§ Directions
Using the data below, restate exactly every line from the one with "Magneton Cima.X (Foto: Siemens" up to and including the one with "EMRF Machine Face". No picture belongs in it.
##### Data to use
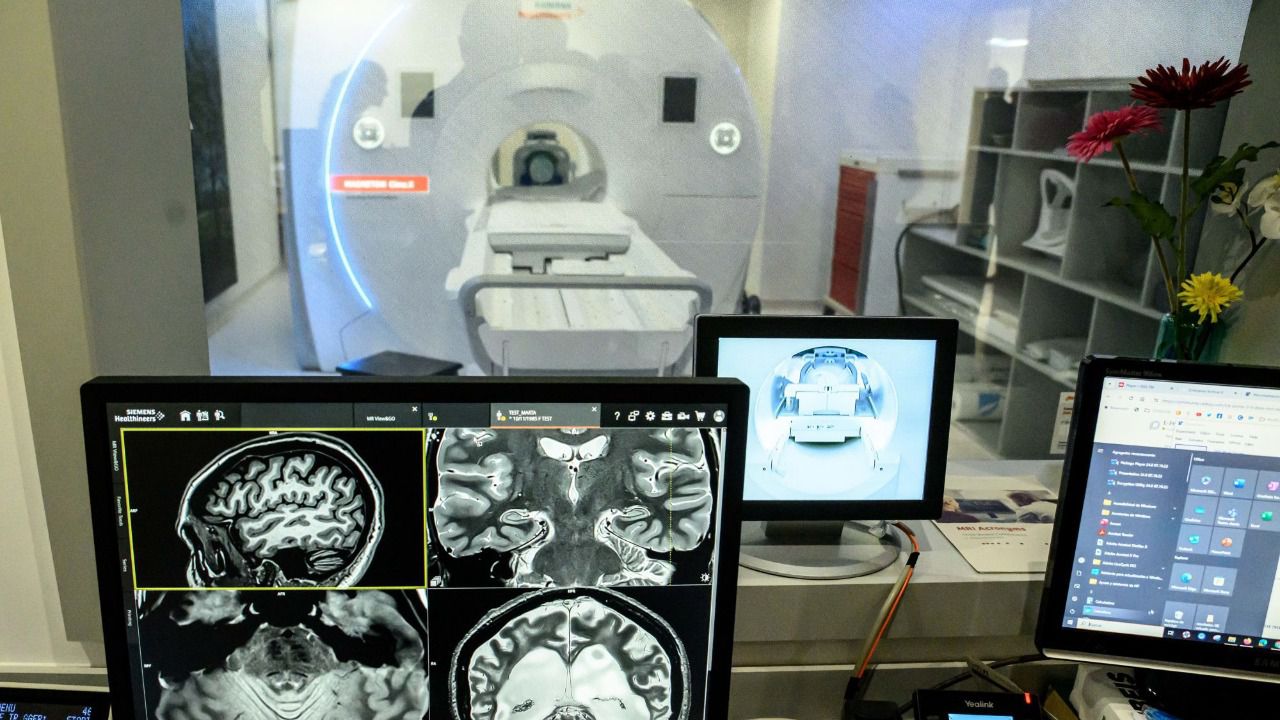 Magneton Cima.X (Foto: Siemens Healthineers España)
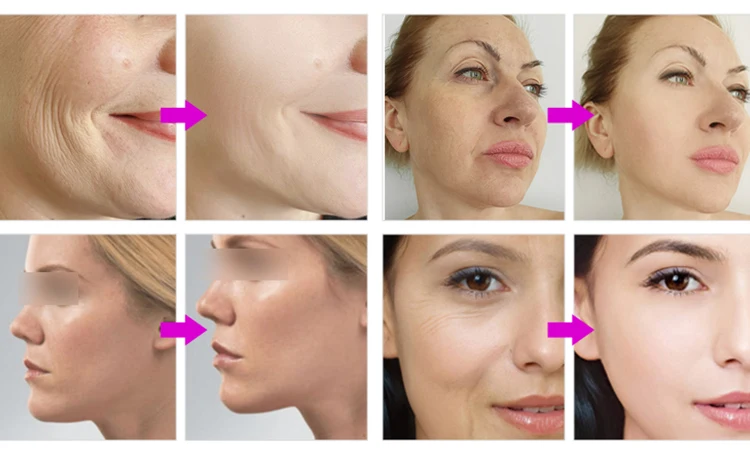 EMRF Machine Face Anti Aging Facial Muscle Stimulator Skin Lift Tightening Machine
##########
##### Data to use
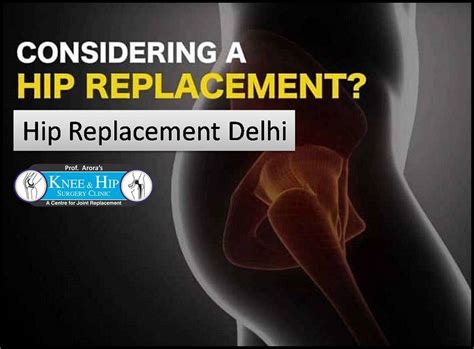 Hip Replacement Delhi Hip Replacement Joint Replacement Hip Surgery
##########
§ Your response
 Magneton Cima.X (Foto: Siemens Healthineers España)
 EMRF Machine Face Anti Aging Facial Muscle Stimulator Skin Lift Tightening Machine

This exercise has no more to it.